» **The task**
Beginning at the line that holds "Tercera corrida de", transcribe each line exactly through the end of the records, and leave any pictures out.

[Short text fragments from websites]
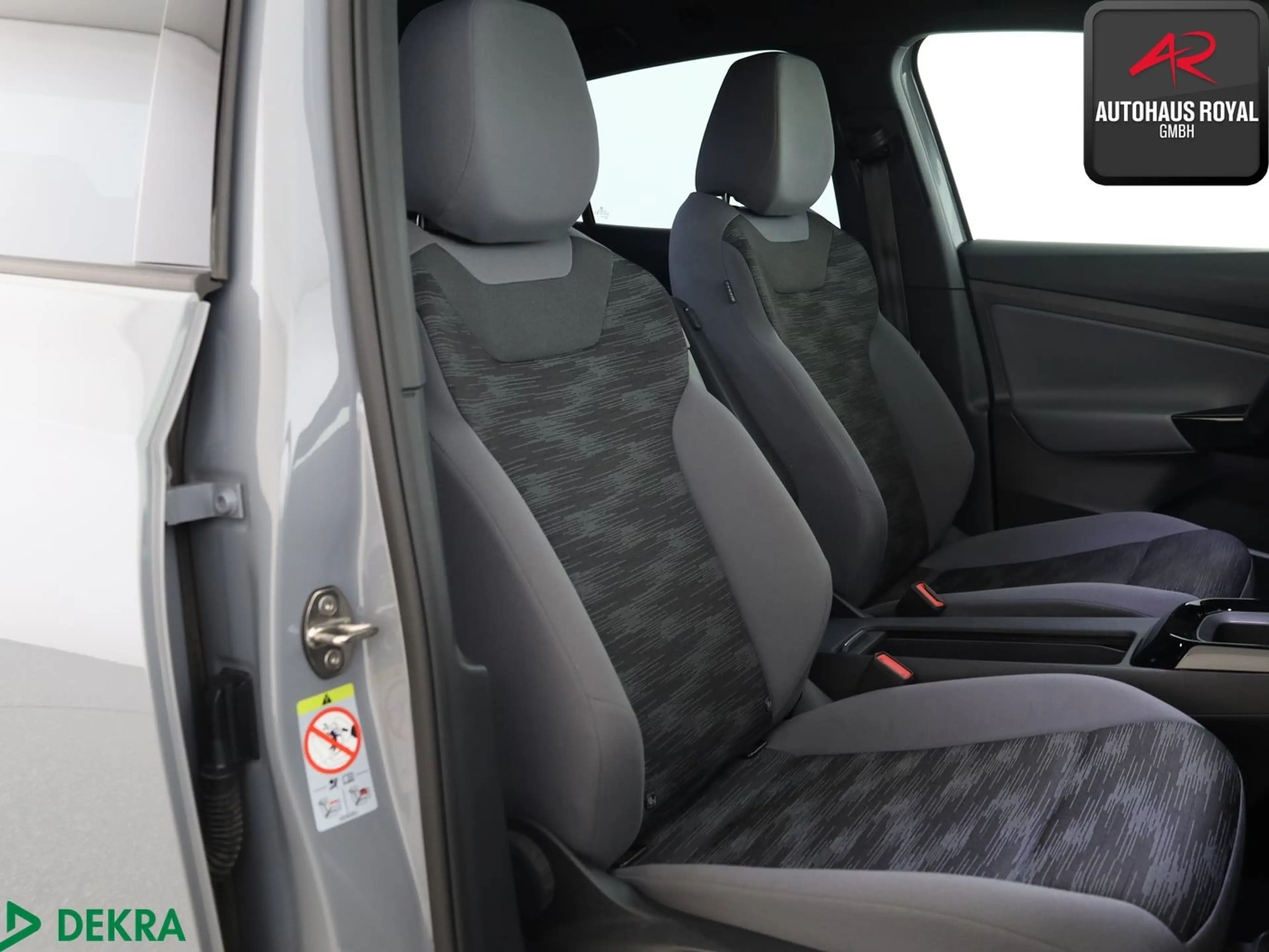 Volkswagen ID.5 PRO PERFORMANCE 360GRAD,CARPLAY,KEYLESS,AHK — photo 11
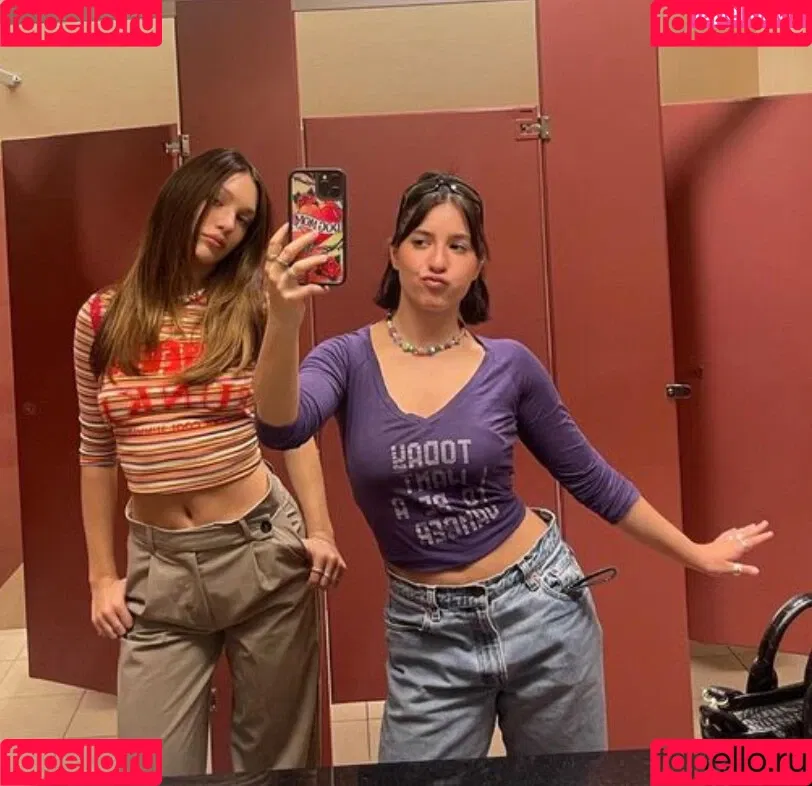 Mackenzie Ziegler / kenzie Onlyfans Photo Gallery 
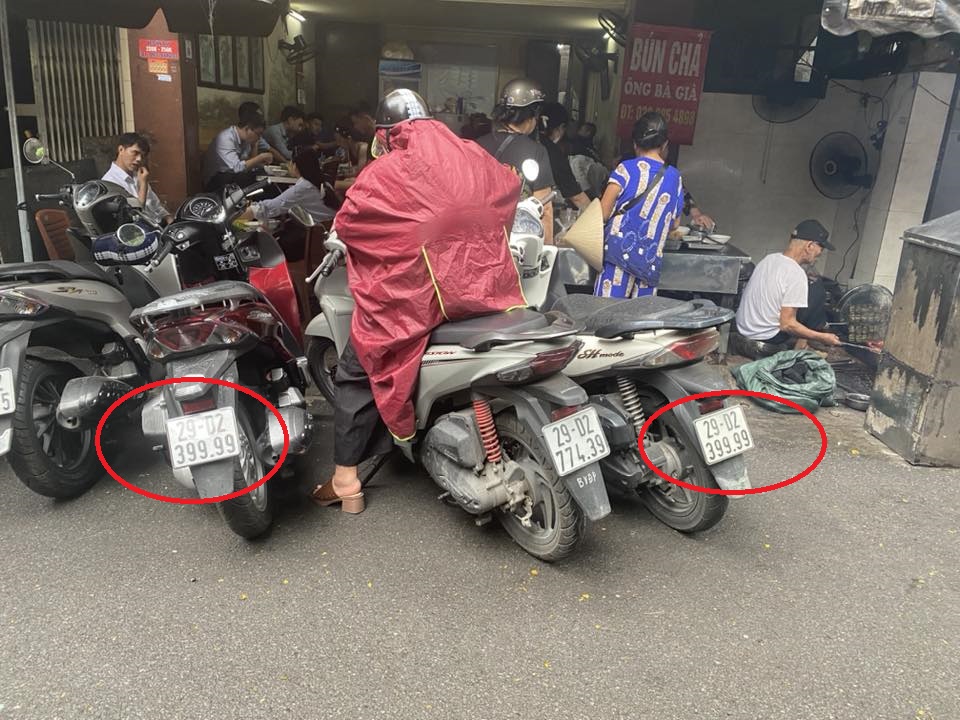 Hai xe máy đang "hot" nhất trên phố Hà Nội lúc này, phát hiện thêm sự trùng hợp- Ảnh 2.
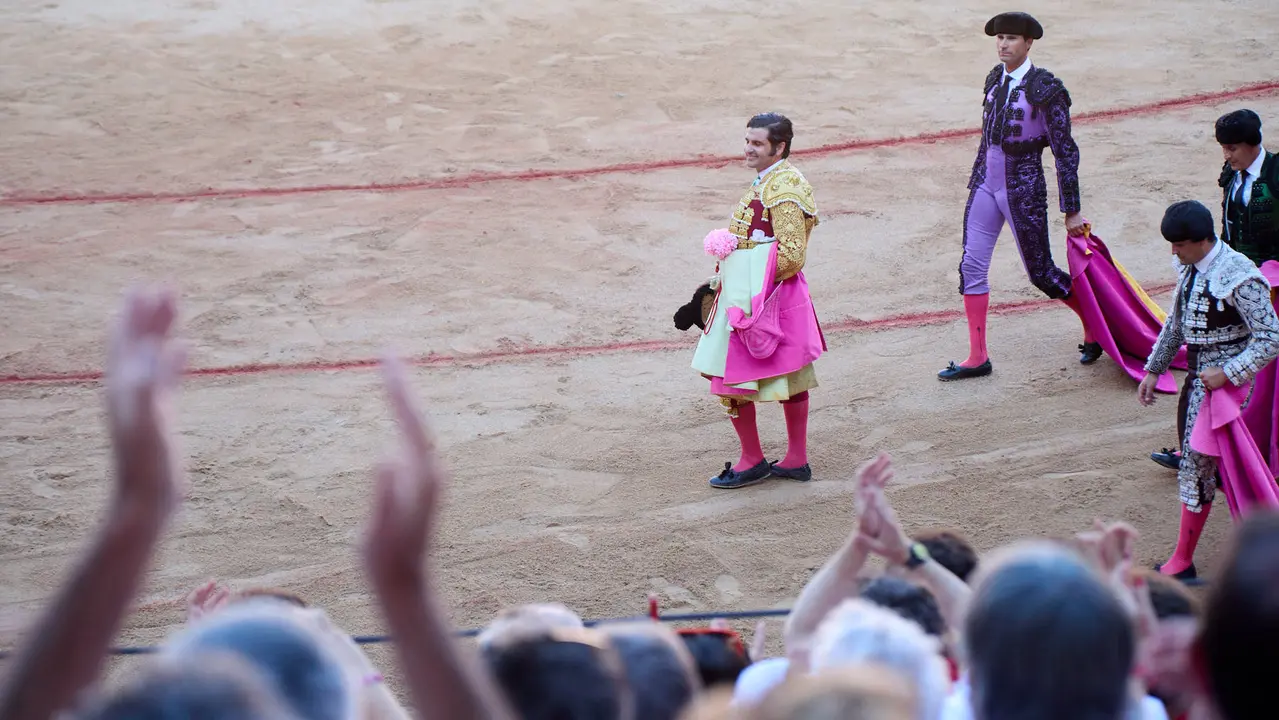 Tercera corrida de la Feria del Toro de San Fermín 2025 con toros de Álvaro Núñez para Morante de la Puebla, Roca Rey y Tomás Rufo. IÑIGO ALZUGARAY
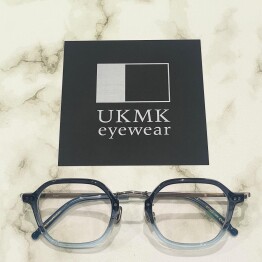 【UKMK eyewear】個性派ながらも掛けやすい一本！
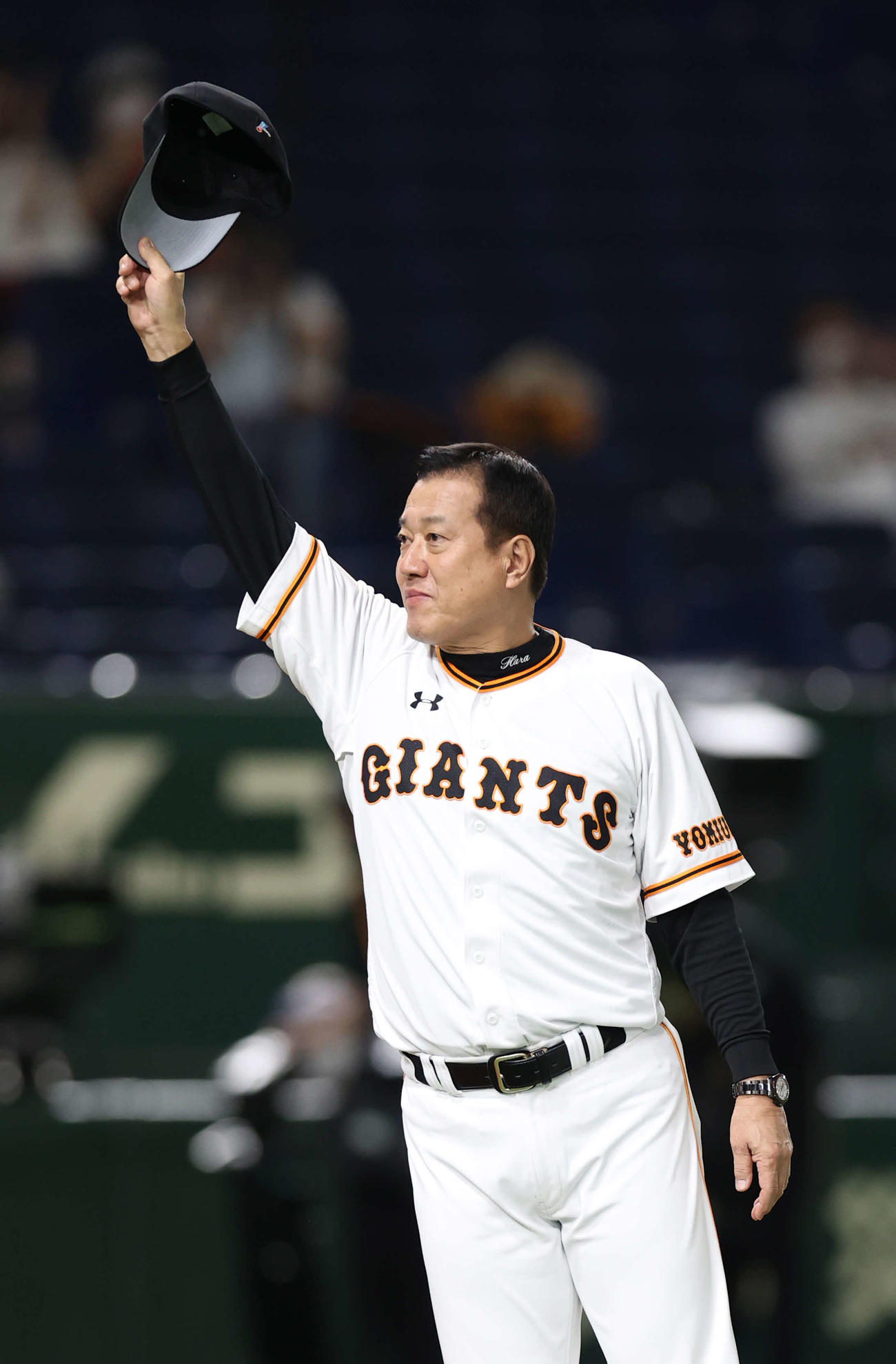 巨人対広島　広島に大勝し、客席に帽子を振る巨人原監督（撮影・河野匠）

» **Answer box**
 Tercera corrida de la Feria del Toro de San Fermín 2025 con toros de Álvaro Núñez para Morante de la Puebla, Roca Rey y Tomás Rufo. IÑIGO ALZUGARAY
 【UKMK eyewear】個性派ながらも掛けやすい一本！
 巨人対広島　広島に大勝し、客席に帽子を振る巨人原監督（撮影・河野匠）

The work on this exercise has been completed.